Task to carry out: In the entries below, find the line with "ドゥーエ三ノ輪II(1K/4階)の間取り写真" and the line with "Floral Bowtie in Blue, Red, Golden Amber", then retype both and everything between them exactly. Do not copy the pictures.

---------- Data provided

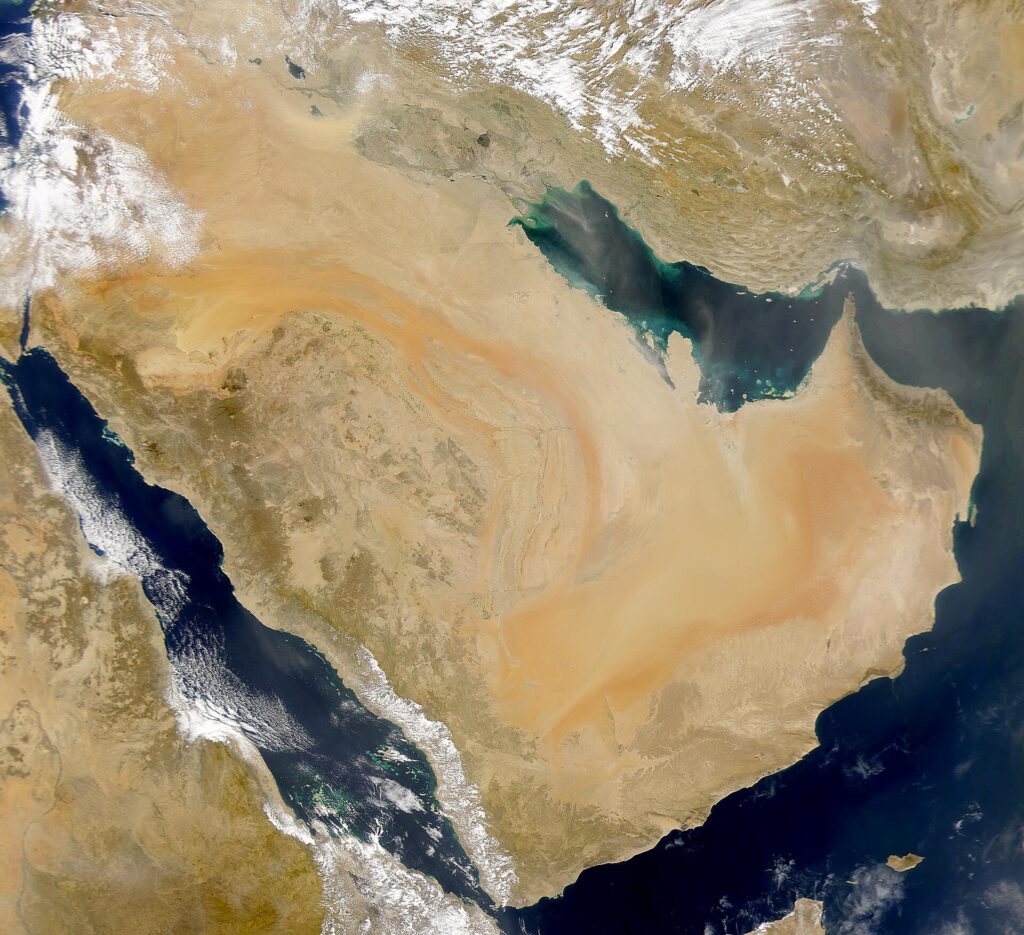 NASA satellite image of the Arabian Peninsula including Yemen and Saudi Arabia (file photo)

--------------------
---------- Data provided

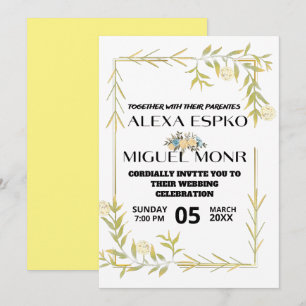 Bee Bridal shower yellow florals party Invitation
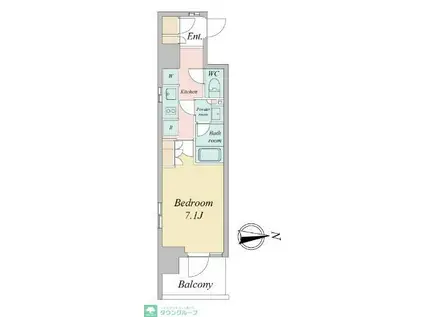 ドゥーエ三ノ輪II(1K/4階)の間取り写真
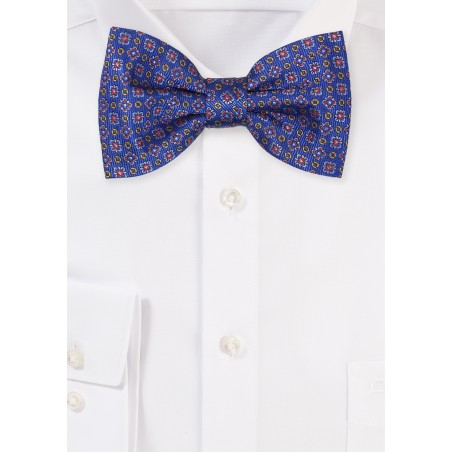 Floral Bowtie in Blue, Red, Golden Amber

--------------------

Response for this exercise:
 ドゥーエ三ノ輪II(1K/4階)の間取り写真
 Floral Bowtie in Blue, Red, Golden Amber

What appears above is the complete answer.